Główna trasa biegu miała tradycyjnie 10 kilometrów. Pogoda dopisała – lekki wiatr i słońce stworzyły idealne warunki do rywalizacji. Na stadionie z każdą minutą gęstniał tłum kibiców, rodzin z dziećmi i miłośników sportu. Atmosfera była pełna uśmiechu, muzyki i koloru – szczególnie za sprawą barwnego Biegu Kolorów dla dzieci, który wywołał salwy śmiechu i chmurę radości unoszącą się nad bieżnią.
Od przedszkolaka po 82-latkę
Zanim wystartowali dorośli, stadion tętnił dziecięcą energią. Od maluszków w wieku przedszkolnym po uczniów szkół średnich – wszyscy dali z siebie wszystko. Dla wielu był to pierwszy start w życiu, dla innych – długo wyczekiwane święto sportu. Każde dziecko na mecie otrzymało pamiątkowy medal, który dumnie zawisł na szyjach małych biegaczy.Bieg od lat upamiętnia postać Jacka Kozioła – znanego w regionie działacza sportowego, społecznika i prezesa Terenowego Ogniska TKKF „Szarotka” w Radomyślu Wielkim. To właśnie dzięki jego pracy i pasji do sportu, bieganie na stałe wpisało się w kalendarz lokalnych wydarzeń.

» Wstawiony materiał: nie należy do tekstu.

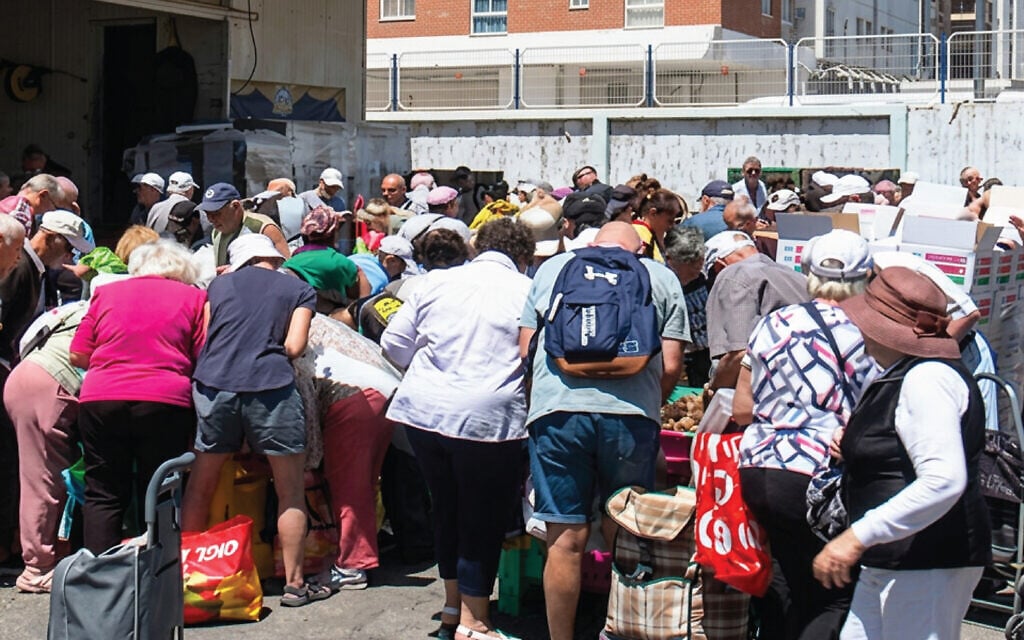 Families in Israel's North need help with food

Najstarsza uczestniczka zawodów miała 82-lata! Barbara Prymakowska (rocznik 1943) zapytana o sekret świetnej formy, bez wahania odpowiedziała:
–Optymizm! I nie ma co siedzieć w domu – trzeba korzystać z życia, póki się da.
Na uczestników i kibiców czekały dodatkowe atrakcje: strefa gastronomiczna, dmuchańce dla dzieci Organizatorzy zadbali o to, by każdy – niezależnie od wieku – znalazł coś dla siebie.
W wydarzeniu wzięli udział uczestnicy z całej Polski, a nawet z Francji i Kanady.